EXERCISE GOAL: The reply must consist of one number: how many lines of the data include the word "Case".

SUPPLIED RECORDS:
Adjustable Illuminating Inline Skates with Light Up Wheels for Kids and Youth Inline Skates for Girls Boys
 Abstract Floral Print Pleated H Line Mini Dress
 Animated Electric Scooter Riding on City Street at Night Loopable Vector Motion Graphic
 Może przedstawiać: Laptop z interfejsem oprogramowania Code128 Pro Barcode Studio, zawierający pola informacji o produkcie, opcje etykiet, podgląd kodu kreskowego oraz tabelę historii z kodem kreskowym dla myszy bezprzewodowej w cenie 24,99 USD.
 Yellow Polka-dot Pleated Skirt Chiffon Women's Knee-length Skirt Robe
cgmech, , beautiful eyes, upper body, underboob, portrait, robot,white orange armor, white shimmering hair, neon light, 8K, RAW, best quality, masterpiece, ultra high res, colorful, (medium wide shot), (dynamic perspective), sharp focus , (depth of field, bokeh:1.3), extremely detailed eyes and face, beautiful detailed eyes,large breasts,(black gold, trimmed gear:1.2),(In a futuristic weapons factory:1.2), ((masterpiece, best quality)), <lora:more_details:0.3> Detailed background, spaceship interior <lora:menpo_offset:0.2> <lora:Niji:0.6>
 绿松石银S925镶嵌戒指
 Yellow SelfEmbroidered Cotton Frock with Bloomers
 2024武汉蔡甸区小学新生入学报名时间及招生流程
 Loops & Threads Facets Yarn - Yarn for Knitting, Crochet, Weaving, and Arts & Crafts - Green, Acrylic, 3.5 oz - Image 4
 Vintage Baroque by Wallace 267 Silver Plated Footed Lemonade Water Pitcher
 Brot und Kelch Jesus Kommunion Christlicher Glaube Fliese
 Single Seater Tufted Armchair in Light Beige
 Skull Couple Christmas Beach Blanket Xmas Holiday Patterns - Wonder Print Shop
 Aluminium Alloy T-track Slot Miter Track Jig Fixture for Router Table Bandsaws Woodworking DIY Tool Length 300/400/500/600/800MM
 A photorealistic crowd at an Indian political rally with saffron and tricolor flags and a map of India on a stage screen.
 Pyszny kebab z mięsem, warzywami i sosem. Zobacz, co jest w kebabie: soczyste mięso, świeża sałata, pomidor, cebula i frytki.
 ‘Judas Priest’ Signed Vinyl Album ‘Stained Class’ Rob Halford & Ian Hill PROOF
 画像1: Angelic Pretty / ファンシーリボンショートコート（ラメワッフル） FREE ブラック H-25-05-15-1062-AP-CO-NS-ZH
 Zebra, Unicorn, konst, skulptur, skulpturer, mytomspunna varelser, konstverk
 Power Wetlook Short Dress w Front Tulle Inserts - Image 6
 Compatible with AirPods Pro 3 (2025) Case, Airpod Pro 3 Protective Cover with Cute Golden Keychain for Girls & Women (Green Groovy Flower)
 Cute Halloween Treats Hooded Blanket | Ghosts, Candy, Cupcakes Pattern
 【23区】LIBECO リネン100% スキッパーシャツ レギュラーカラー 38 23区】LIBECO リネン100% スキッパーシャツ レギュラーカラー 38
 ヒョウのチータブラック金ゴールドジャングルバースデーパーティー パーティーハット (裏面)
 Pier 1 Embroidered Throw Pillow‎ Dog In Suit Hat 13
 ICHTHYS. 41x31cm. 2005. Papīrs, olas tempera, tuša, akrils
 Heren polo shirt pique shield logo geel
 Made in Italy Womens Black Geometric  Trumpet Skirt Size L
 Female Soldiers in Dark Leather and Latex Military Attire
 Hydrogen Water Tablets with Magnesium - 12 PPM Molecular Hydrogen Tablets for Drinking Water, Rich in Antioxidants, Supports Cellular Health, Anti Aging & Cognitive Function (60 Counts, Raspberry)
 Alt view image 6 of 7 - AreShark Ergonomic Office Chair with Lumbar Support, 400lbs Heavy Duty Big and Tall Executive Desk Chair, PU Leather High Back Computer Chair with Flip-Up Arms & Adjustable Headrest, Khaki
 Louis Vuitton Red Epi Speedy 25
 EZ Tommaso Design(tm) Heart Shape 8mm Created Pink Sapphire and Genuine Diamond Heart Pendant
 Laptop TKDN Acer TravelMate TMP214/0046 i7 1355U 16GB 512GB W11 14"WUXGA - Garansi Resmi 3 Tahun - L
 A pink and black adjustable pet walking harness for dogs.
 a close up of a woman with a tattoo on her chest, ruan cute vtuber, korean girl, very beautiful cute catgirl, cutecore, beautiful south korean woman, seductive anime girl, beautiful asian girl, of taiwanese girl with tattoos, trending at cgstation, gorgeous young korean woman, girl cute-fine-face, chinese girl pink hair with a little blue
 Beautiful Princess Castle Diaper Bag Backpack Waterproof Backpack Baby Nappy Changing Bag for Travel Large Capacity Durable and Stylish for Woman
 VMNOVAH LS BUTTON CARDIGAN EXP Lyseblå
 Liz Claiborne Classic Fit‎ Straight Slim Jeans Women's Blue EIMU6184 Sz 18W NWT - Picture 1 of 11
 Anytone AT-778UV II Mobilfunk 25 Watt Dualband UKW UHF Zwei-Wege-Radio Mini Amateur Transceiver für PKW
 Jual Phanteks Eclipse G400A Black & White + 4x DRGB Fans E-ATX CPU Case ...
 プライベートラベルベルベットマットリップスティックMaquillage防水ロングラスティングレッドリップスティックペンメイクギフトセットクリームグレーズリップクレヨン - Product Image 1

RESULT OF THIS TASK: 2